BEGIN SUPPLIED MATERIAL

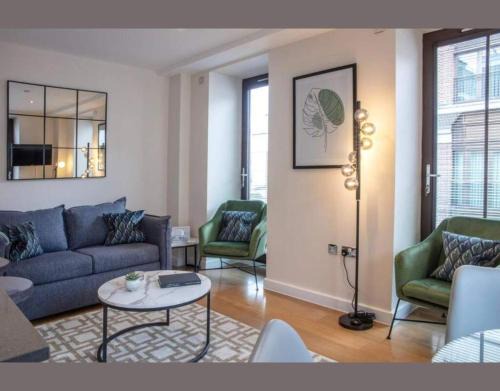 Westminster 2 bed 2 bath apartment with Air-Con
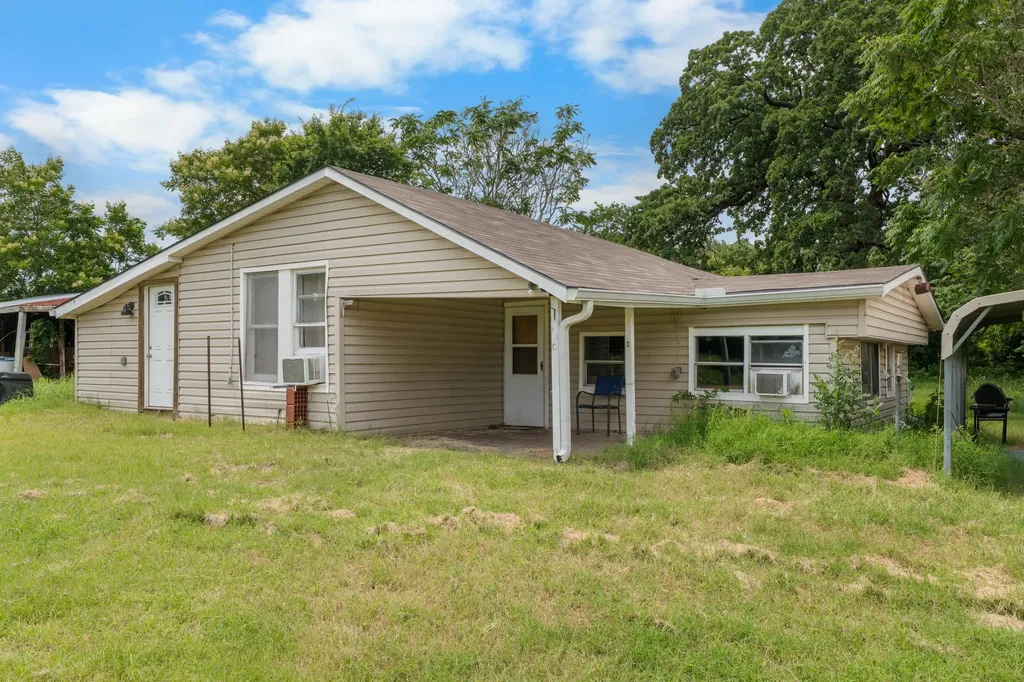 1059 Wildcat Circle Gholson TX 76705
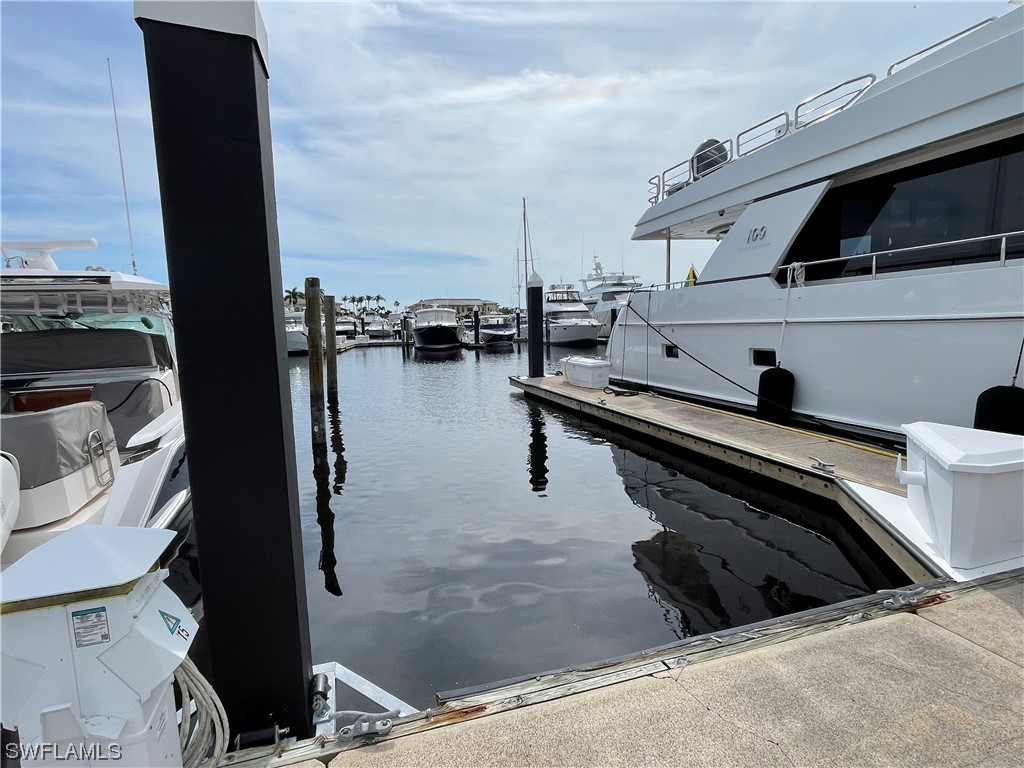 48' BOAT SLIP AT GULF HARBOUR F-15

END SUPPLIED MATERIAL

EXERCISE GOAL. With the pictures omitted, write out exactly the lines from the one that contains "1059 Wildcat Circle Gholson TX 76705" through the final line of the material above, both ends included.

RESULT OF THIS TASK.
 1059 Wildcat Circle Gholson TX 76705
 48' BOAT SLIP AT GULF HARBOUR F-15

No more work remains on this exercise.